J.P. Morgan’s quant strategist Marko Kolanovic is eyeing a key silver lining in this past week of stock market volatility that few are talking about: stock buybacks.
“As ~85% of companies exited [the] blackout period, buyback activity has been increasing,” Kolanovic wrote in a note to clients Thursday.
Kolanovic also noted that in the three days after President Trump’s Aug. 1 tweet about imposing new tariffs on imports from China starting September 1, the S&P 500 intraday fell over 8% with investors losing $5 trillion in stock value globally.
“The majority of buyback activity is sensitive to stock price declines, and an 8% drop in the [S&P 500 (^GSPC)] has activated accelerated programs,” he wrote.

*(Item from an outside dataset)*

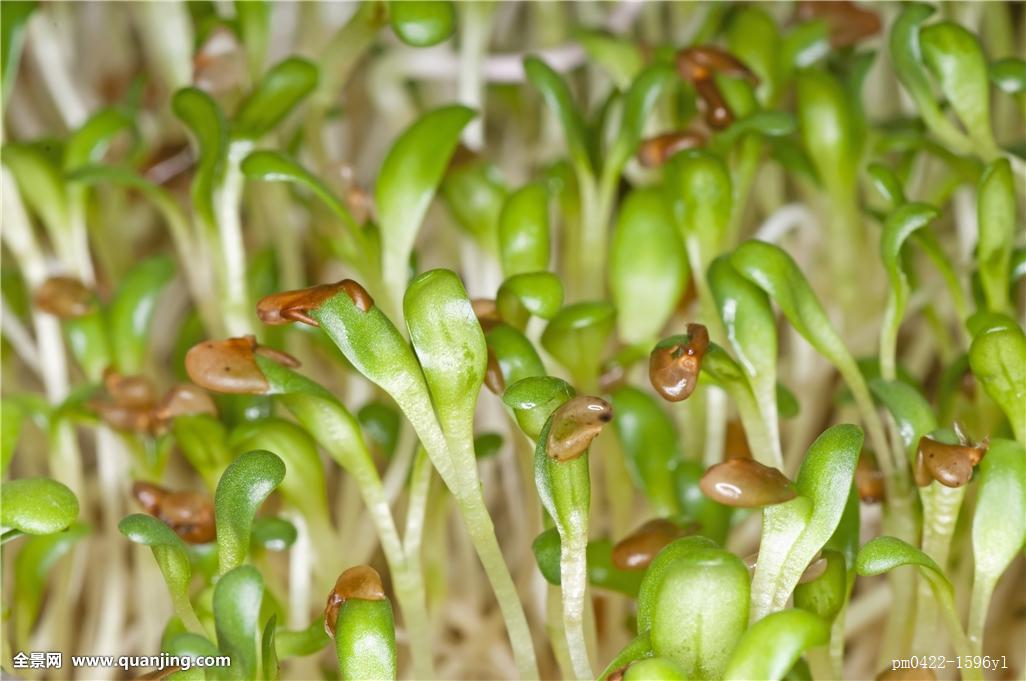 ‘太阳成集团tyc7111cc’
交了一半保费 保险公司因保费未交拒赔 可以要求退还已交保费吗(图5) 太阳成集团tyc7111cc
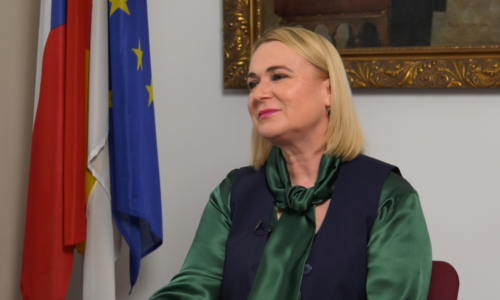 Černochová: Babišův kabinet se rozpadne, je jako pytel blech. Čeká nás menšinová vláda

In Kolanovic’s estimation, average buybacks of roughly $3 billion daily “has likely tripled to nearly ~$10 billion of purchases per day.”

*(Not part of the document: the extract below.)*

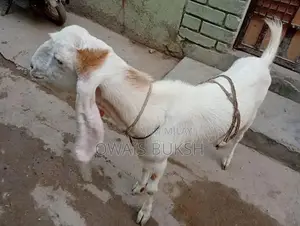 2 dant gulabi andu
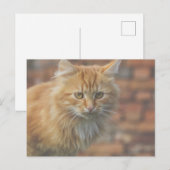 Carte Postale Cute Funky Ginger Chat Kitten Visage (Devant / Derrière)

The volatility was exacerbated on Monday when China allowed its yuan currency to weaken past the psychologically important 7 level against the dollar (CNYUSD=X).
More broadly, Kolanovic sees the latest stock market pullback as a buying opportunity.
“We do think that after a short period of stabilization, markets will likely regain previous highs, and hence we see this sell-off as a medium-term buying opportunity,” he wrote. “The risk to this view is further uncontrolled escalation of trade tensions, which we see as a less likely scenario, given that we’re approaching an election year and a trade-war-induced recession would greatly reduce the probability of the president’s re-election.”
The S&P 500 is up roughly 16% so far this year.